Wednesday, October 11, 2023

Poor Things

Part of my coverage of the 59th Chicago International Film Festival.


POOR THINGS   ***

Yorgos Lanthimos
2023

























IDEA:  Reanimated by a mad scientist in Victorian England, a woman with the brain of an infant sets out into the world in search of wisdom and independence. 
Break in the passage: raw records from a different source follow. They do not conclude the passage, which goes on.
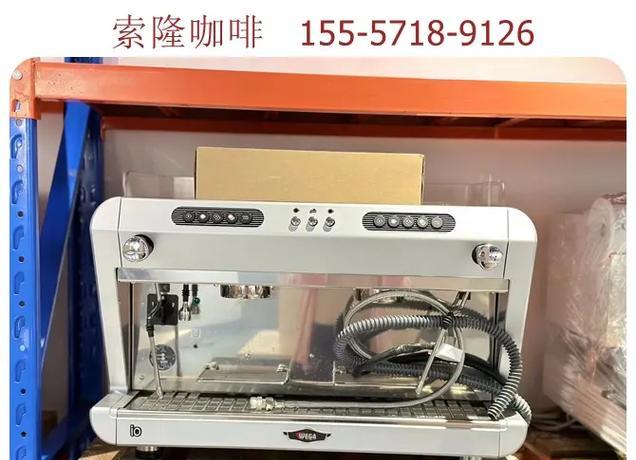 全自动咖啡机喷咖啡的解决方法（优化喷咖啡功能）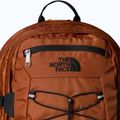 The North Face Borealis Classic 29 l burnt umber/black miesto kuprinė 3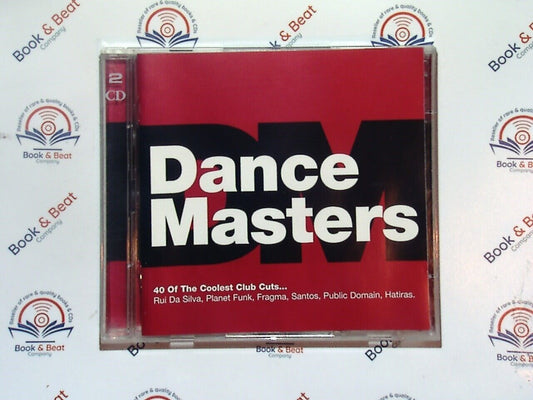 bookandbeat.com, Dance Masters, club music, electronic dance, house music, dance hits, DJ tracks, club classics, party anthems, cool club cuts, electronic beats, dancefloor favorites, house mixes, clubbing, nightclub music, remix collection, dancefloor grooves, DJ compilation, modern dance, upbeat tracks, dance music collection.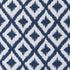Eastham Breeze fabric in marine color - pattern 36933.51.0 - by Kravet Couture in the Riviera collection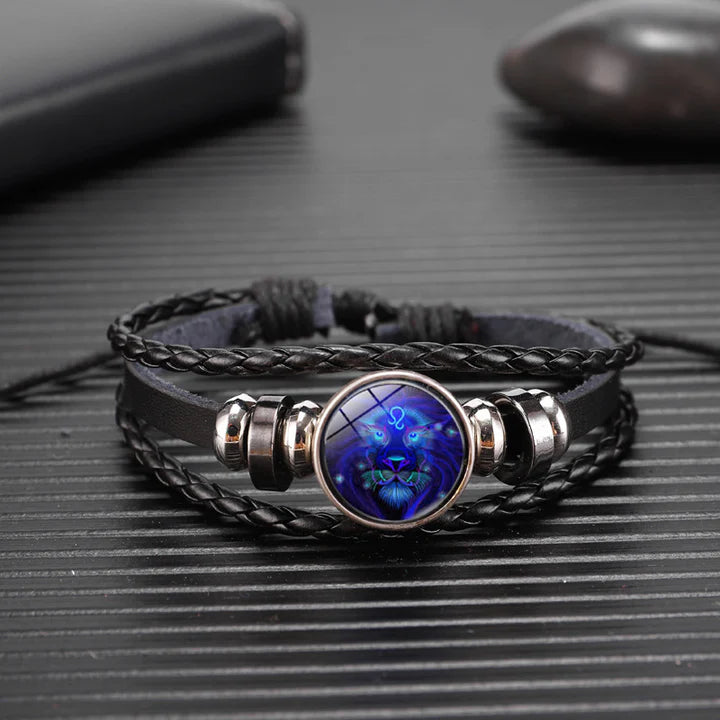 PULSERA AMULETO ESPIRITUAL: DESBLOQUEA TU ENERGÍA Y ATRAERÁS ABUNDANCIA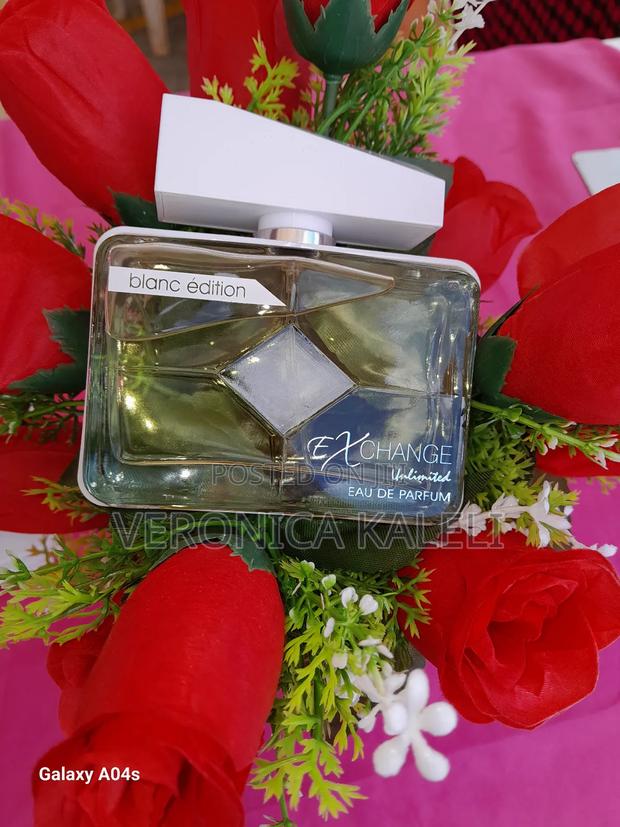 White Exchange From Dubai - main view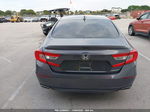 2020 Honda Accord Sport Gray vin: 1HGCV1F35LA129244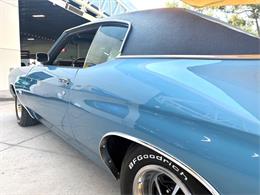 1970 Chevrolet Chevelle (CC-2083834) for sale in Bradenton, Florida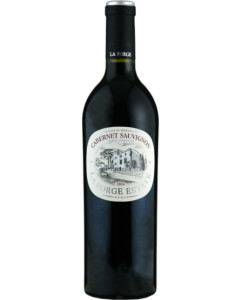 La Forge Estate Cabernet Sauvignon 2024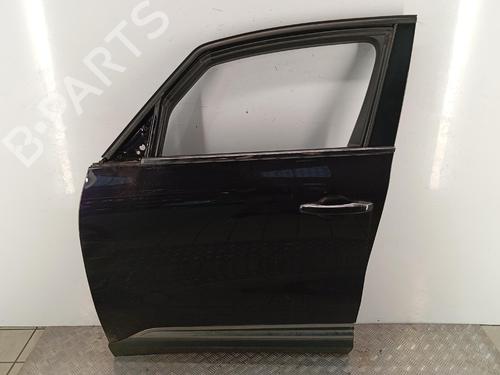 Used Left front door Left front door 39109986 39109986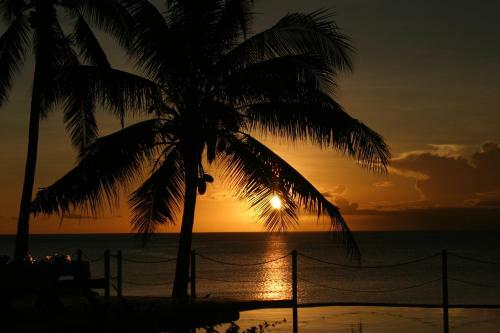 Hotel Paradise Taveuni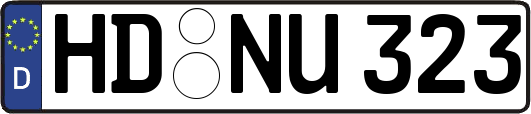 HD-NU323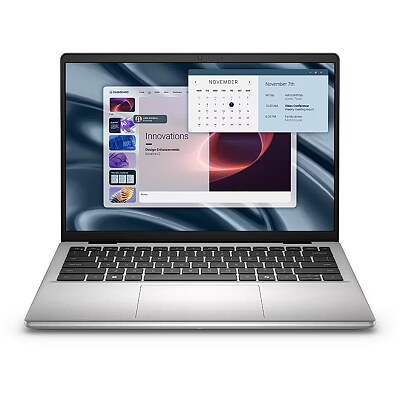 Dell Pro 14 Essential PV14255 | Platinum Silver | 14 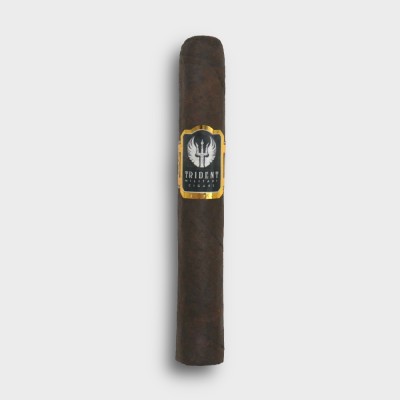 Trident Military Cigars The Trident Petit Panatela Cigar - 1 Single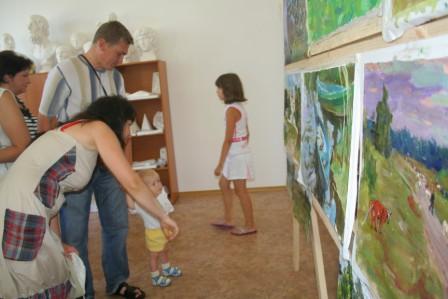 Пленер митців живопису на Коропщині (IMG_9436.JPG)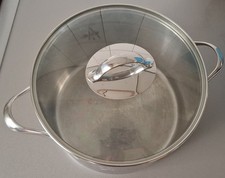 Großer Topf von Fissler Durchmesser 24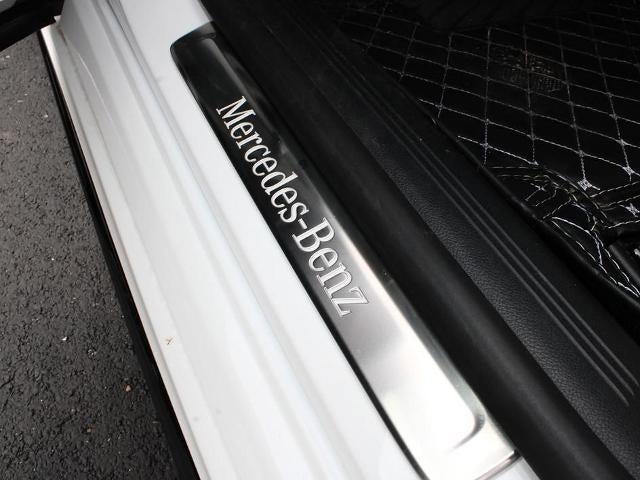 2024 Mercedes-Benz E-Class E 350 4MATIC® Sedan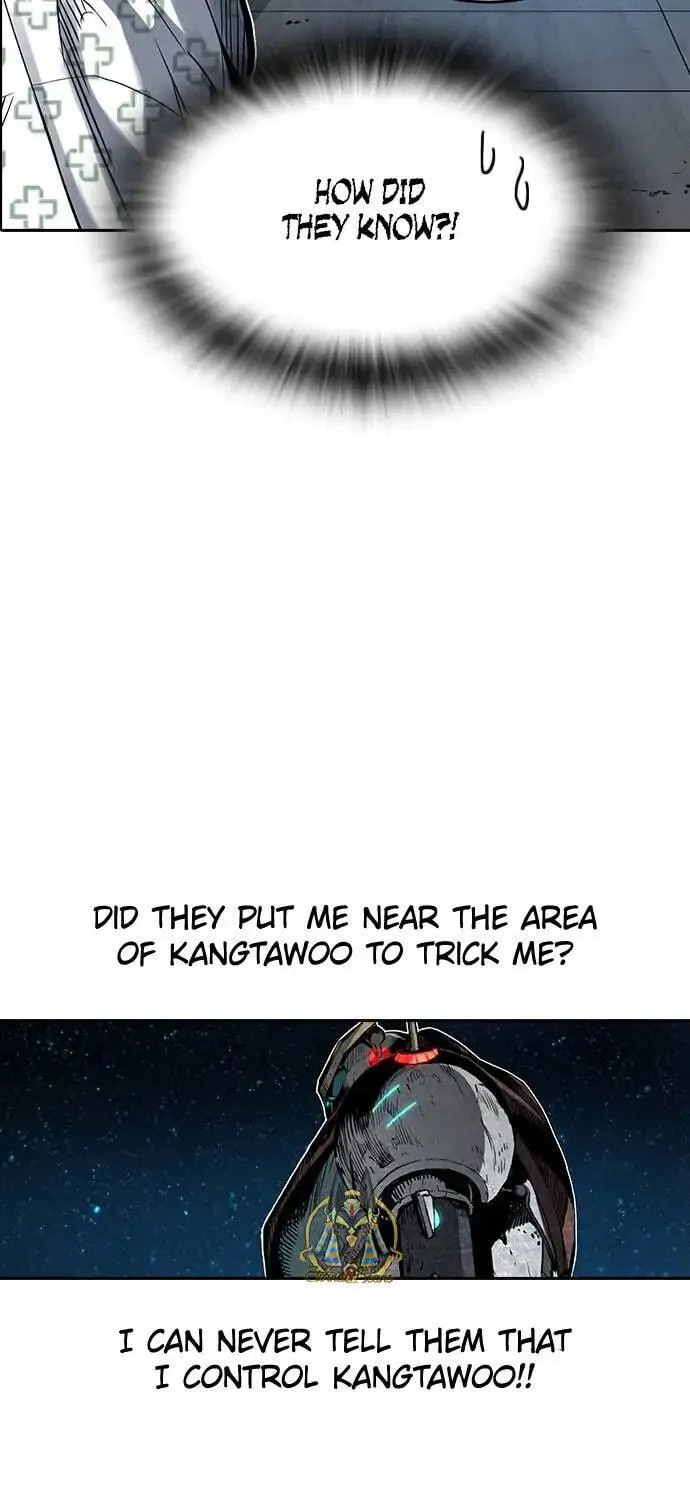 Kangtawoo Chapter 12 page 34 - 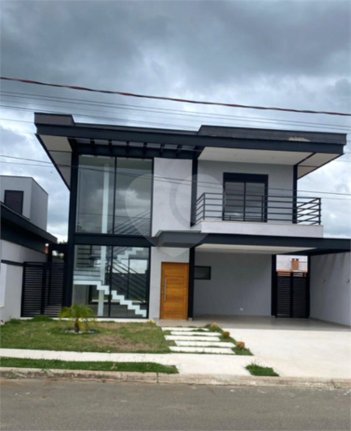 house em Estrada Municipal Duílio Sai, São Venâncio - Itupeva - SP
BLURB:  If Greta Gerwig’s Barbie had 100% more sex, nudity, profanity, and brain transplants, it would look something like Yorgos Lanthimos’s Poor Things. As in Gerwig’s contemporaneous phenom, the film charts a naive, sheltered woman’s universe-crossing odyssey toward self-actualization and independence in an oppressively patriarchal society. Emma Stone’s Bella Baxter may not be plastic, but she’s very much the creation of someone else, a (literal) girl in a woman’s body who’s slowly discovering her autonomy. And she’s joined by a Ken of her own in the form of the vain and irascible man-child Duncan Wedderburn, played by Mark Ruffalo with an over-the-top antic bravado to rival Ryan Gosling’s performance. There are even opulent, candy-colored sets and fake backgrounds that look like they emerged from a vat of acid on an old MGM lot. Set against the restrictive mores of the Victorian era - albeit an era transformed by Lanthimos and his production designers into a vagina-patterned, rainbow-hued steampunk phantasmagoria - the film devotes much of its time to exploiting the comedic potentials in the clash between its protagonist’s lack of inhibition and the “polite” society she blithely shows up. These scenes are often very funny, sharply acted and cut, but they’re also pretty obvious and tautological; the same can be said for Ruffalo’s caterwauling refrain upon the latest cold shoulder from his object of desire. If there’s a critical difference between Barbie and Poor Things, it has to do with the genders of their makers. Both films center on a woman’s coming-of-age, but Lanthimos’s, which is notably adapted by a man from a novel by a man, seems more interested in inventorying the toxic masculinities of its rogue’s gallery of men. There is something more than a tad prurient in its continual focus on Stone’s nude body, and in the primacy it assigns to sex as a means of personal liberation. While its gaze may prove disappointingly conventional, Poor Things swims in so much aesthetic imagination and deliciously sardonic language that it’s an experience worth indulging.